There's some fancy schedule for when the various bins are emptied, but not something I think about. It seems to work out okay.

Compared to Edinburgh where initially it was weekly, then fortnightly, and now collections occur every three weeks from what I remember. Recycling wasn't even an option unless you counted the bottle-banks at the local Tesco.

petepete

11 hours ago

My bin schedule is slightly complicated by it cycling between different recycling bins every 3 weeks. I think I'd need a bigger clock.

Currently I have 3 recurring events in my calendar that remind me the night before.

MrJohz

10 hours ago

You could possibly fix this mechanically using three 7-day clocks (and wheels) and a mechanism that switches which one is being powered whenever a wheel reaches a certain point. But at that point I might be more tempted to reach for a microcontroller of some description!

Freak_NL

5 hours ago

I live right at a street corner, so even if I were to forget that tomorrow is bin-day, I can hear neighbours rolling theirs out in any case, and the lid colour tells me which bin it is. I rarely forget though; I just put up the paper year calendar for bin days we get end of December near the door.

moepstar

3 hours ago

Interesting - I’d have thought that most of the world would’ve moved to digital by now.

Here in Germany, you can get the whole year as .ics to import into your calendar, works for most cities… usually, there are different schedules per street/neighborhood, so that’s really convenient!

borski

2 hours ago

That’s true for a lot of cities. I have this in Cupertino, and used to have it in Mountain View.

Most people just don’t seem to check their website.

nvader

11 hours ago

I really enjoy seeing learning little maker projects like this on HN. The inside scoop on SVG path is a bonus, and it's going into my toolkit for a future day.

rammer

7 hours ago

Why?

Doesn't your council give a fridge magnet which has the dates in the calendar printed clearly?

Why overcomplicate?

ryukoposting

7 hours ago

Huh, I wish American municipalities did this. Maybe some of them do, but certainly nowhere I've ever lived.

Zircom

2 hours ago

Most American towns have one pickup day for both recycling and trash, and only one type of recycling anyways. Kind of unnecessary to print hundreds of thousands just to mark Tuesday or Friday every week on them.

dezgeg

8 hours ago

I found this part funny:

> Also, I really didn't want yet another thing with [...] code to debug (there comes a time in every programmer's life when they can't face debugging yet another thing that should be simple and just work)

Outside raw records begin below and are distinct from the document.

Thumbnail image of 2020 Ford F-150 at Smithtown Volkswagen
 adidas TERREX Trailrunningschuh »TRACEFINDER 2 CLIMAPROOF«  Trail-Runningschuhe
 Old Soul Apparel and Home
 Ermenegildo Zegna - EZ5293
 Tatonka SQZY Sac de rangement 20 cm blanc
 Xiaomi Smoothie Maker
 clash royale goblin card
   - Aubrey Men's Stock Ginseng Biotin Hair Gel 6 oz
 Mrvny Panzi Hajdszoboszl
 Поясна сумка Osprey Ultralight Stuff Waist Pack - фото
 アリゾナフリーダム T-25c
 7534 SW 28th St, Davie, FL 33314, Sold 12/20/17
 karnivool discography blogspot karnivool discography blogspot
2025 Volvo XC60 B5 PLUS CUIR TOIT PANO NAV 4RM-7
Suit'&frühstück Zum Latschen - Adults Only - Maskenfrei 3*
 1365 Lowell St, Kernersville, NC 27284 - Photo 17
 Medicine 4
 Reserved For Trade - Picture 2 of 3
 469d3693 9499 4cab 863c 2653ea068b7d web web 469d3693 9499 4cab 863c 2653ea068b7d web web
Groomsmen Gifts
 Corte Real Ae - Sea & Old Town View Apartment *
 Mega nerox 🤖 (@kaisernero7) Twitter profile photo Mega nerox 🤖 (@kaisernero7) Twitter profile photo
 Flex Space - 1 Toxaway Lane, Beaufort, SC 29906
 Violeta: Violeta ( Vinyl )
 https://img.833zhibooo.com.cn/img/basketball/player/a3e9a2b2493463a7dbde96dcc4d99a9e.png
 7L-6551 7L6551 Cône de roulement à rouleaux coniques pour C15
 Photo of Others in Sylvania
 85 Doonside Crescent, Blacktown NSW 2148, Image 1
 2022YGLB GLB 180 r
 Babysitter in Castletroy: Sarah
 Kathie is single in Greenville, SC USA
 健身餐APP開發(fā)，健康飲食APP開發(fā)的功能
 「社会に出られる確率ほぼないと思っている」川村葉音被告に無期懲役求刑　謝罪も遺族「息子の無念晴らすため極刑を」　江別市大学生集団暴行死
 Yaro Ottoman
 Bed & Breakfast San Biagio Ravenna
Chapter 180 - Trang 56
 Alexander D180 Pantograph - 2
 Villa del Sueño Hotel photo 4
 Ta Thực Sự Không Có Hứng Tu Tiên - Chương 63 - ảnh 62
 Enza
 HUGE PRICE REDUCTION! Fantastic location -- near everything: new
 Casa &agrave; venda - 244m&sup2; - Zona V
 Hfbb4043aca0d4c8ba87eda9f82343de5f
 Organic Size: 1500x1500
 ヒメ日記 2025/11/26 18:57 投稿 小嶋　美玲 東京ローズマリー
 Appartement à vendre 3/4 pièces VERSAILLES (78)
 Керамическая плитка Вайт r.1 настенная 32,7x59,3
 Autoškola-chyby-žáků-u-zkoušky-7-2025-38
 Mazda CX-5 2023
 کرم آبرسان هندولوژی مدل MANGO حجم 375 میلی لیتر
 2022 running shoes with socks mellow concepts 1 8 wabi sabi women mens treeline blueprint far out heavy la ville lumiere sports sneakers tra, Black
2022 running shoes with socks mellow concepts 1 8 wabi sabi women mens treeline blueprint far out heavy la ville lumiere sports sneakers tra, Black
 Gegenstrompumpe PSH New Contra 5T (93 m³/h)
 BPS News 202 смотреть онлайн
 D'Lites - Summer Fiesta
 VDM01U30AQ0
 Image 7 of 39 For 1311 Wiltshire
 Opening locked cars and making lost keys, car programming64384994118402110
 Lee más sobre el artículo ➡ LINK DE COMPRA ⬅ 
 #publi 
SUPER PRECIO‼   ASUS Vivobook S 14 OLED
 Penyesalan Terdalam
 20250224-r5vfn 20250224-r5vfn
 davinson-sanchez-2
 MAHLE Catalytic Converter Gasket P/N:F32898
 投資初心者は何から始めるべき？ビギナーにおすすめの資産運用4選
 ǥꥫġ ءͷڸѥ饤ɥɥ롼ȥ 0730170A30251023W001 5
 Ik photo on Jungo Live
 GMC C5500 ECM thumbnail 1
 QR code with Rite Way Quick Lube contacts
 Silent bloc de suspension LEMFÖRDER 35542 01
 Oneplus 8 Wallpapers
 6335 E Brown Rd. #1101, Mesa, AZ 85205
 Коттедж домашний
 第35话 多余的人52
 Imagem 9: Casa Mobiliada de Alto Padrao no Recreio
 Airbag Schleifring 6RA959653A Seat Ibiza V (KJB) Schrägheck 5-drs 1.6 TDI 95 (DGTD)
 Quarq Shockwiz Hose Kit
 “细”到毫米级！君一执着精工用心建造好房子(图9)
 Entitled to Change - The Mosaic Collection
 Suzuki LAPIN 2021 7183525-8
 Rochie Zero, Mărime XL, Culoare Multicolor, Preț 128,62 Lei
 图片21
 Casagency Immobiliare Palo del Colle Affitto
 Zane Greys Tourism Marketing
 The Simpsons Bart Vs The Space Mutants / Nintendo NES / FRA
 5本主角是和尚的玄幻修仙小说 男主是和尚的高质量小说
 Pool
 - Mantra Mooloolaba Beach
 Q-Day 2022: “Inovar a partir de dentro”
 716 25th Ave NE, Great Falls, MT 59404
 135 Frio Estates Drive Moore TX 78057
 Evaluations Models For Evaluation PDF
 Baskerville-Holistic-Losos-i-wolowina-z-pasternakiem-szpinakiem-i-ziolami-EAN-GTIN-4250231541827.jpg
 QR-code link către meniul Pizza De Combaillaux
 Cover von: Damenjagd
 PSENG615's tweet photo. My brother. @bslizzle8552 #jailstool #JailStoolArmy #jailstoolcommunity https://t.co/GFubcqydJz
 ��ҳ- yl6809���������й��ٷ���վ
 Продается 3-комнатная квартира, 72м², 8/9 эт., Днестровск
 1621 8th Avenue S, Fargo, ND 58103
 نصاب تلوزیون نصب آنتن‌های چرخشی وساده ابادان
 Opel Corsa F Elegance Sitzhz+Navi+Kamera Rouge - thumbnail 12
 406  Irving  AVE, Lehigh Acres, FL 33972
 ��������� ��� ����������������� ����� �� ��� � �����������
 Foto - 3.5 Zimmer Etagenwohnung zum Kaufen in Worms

... when two paragraphs later comes the code to generate a SVG :)

jgrahamc

8 hours ago

Yes! I am a programmer, of course, but my graphic design skills are non-existent so my only choice was to write some code. But, thank goodness, that code only has to run once and doesn't have to interact with WiFi, an API, or anything else!

stavros

3 hours ago

I'm with you, the less complexity the better. I hate having to maintain ten thousand things around the house.

the_mitsuhiko

7 hours ago

As I'm getting older (and have seen more of my "smart" solutions turn into terrible maintenance nightmares) I'm now fully on board with that general idea. The simple things just keep working and it's great.